**ACTION ITEM:** Could you copy every line of the data that contains "cluster"?

=======

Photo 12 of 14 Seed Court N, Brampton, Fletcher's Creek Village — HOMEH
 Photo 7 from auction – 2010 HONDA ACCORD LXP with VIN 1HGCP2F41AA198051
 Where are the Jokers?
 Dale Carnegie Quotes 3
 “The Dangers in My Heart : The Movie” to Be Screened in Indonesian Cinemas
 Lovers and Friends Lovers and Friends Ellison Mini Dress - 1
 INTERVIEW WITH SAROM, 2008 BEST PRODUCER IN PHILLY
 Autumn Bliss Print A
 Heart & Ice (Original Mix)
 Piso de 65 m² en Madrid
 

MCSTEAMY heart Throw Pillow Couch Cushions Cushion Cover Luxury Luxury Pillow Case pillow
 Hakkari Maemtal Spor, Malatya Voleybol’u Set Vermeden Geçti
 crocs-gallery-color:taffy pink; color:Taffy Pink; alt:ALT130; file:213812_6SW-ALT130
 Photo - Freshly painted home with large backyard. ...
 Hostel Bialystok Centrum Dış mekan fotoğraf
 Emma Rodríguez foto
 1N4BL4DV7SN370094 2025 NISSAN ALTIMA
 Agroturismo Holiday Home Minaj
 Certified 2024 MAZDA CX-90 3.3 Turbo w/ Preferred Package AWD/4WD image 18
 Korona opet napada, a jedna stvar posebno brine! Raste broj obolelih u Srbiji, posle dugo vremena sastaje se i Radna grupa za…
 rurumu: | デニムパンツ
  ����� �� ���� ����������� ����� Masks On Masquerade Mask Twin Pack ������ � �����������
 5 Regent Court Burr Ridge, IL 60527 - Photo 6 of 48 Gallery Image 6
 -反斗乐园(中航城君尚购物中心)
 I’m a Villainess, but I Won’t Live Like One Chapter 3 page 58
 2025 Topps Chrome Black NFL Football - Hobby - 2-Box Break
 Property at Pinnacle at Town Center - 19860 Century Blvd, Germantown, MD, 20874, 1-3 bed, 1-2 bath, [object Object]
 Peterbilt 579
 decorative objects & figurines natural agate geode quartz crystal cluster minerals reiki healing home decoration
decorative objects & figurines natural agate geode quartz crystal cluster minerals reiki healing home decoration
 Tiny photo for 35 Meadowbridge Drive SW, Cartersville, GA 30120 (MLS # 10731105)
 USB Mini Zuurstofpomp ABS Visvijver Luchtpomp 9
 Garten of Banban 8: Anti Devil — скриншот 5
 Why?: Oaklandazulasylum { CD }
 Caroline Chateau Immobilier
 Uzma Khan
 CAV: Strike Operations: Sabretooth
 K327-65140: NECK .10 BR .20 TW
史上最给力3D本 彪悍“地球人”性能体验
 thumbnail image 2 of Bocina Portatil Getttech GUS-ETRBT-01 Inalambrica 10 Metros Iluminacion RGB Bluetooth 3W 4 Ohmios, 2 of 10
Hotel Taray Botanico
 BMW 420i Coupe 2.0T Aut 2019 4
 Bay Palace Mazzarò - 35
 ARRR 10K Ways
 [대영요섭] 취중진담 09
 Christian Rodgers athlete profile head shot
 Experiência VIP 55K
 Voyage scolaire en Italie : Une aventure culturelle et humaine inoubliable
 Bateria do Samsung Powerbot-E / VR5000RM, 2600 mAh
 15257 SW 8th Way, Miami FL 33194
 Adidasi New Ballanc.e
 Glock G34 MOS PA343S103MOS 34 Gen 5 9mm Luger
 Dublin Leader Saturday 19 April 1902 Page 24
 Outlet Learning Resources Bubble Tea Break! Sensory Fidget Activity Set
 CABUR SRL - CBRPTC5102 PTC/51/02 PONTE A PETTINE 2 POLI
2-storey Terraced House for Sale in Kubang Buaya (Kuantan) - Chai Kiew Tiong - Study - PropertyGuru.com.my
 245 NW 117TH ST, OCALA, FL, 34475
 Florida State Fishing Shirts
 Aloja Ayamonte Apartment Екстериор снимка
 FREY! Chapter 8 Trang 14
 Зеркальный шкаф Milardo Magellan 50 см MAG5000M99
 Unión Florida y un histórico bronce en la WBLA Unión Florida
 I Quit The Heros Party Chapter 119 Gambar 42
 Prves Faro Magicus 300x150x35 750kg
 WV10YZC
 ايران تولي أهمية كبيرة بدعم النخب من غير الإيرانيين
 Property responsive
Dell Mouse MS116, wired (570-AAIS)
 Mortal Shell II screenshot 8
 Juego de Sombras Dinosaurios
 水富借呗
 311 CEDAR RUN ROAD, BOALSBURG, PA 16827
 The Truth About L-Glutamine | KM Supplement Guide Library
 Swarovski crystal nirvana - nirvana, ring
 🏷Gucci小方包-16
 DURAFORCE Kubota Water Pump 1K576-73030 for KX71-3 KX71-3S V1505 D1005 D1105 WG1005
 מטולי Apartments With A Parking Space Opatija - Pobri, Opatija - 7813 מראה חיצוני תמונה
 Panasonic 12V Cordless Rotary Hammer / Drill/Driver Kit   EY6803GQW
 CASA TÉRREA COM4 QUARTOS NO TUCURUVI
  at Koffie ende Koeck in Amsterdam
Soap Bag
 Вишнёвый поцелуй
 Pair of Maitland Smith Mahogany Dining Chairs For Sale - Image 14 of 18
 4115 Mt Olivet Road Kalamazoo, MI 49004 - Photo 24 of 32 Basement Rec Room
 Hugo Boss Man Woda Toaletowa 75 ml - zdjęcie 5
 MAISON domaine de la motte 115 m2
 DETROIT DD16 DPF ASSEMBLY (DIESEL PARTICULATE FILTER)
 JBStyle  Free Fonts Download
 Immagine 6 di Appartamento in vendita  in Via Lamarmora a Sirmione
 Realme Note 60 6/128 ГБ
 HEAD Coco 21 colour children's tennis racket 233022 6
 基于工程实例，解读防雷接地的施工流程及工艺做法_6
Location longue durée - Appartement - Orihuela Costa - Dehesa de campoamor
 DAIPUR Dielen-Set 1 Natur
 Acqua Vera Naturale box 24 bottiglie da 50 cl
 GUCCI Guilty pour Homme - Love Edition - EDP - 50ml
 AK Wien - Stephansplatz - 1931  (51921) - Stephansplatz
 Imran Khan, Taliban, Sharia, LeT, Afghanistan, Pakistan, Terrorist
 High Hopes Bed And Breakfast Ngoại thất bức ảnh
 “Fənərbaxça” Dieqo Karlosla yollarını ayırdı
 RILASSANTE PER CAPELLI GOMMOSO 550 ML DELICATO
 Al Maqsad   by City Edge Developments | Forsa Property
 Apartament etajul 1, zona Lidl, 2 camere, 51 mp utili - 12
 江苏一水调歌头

=======

**TASK OUTPUT:**
 decorative objects & figurines natural agate geode quartz crystal cluster minerals reiki healing home decoration
decorative objects & figurines natural agate geode quartz crystal cluster minerals reiki healing home decoration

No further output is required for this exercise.